• Action item:
Starting with the line containing "Wohnung zum Kauf" and going on through the line containing "Snapshot of ninarihh", return the lines of the data below exactly, and only those.

• Records for this task:
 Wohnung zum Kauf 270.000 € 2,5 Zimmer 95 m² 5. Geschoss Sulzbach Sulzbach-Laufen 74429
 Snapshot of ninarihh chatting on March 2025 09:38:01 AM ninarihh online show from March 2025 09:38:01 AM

==

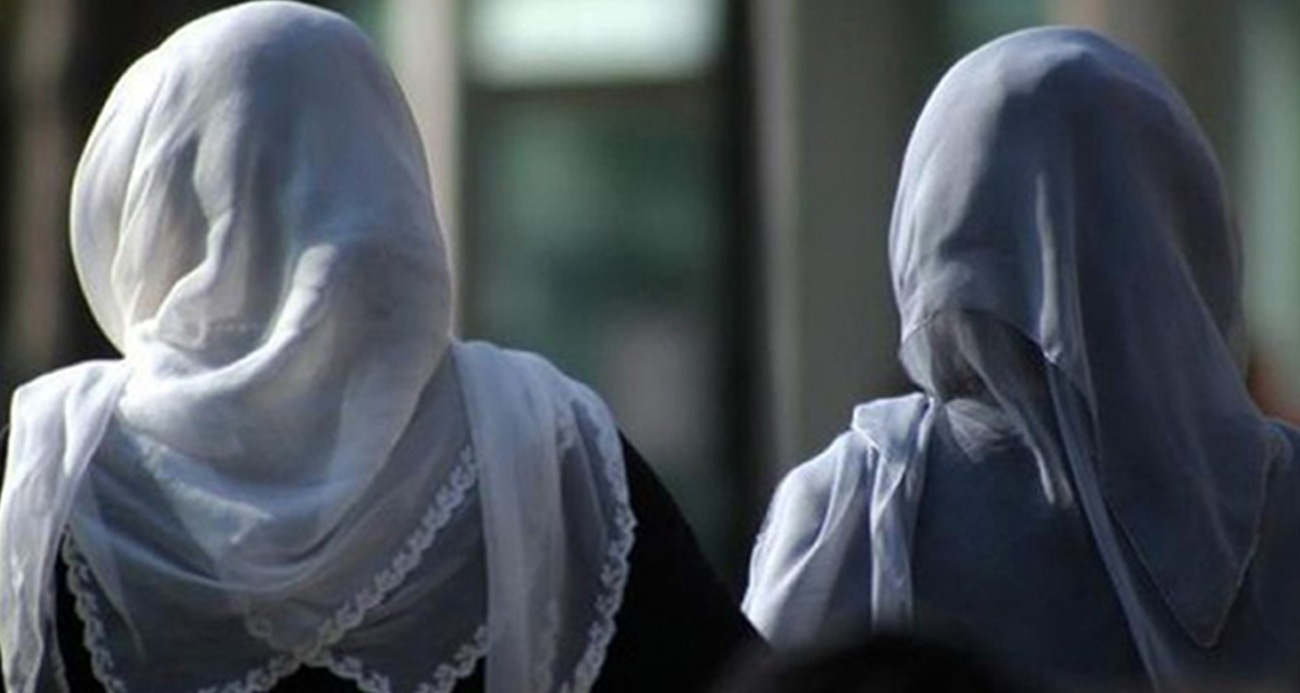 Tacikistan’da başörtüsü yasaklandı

• Result:
 Wohnung zum Kauf 270.000 € 2,5 Zimmer 95 m² 5. Geschoss Sulzbach Sulzbach-Laufen 74429
 Snapshot of ninarihh chatting on March 2025 09:38:01 AM ninarihh online show from March 2025 09:38:01 AM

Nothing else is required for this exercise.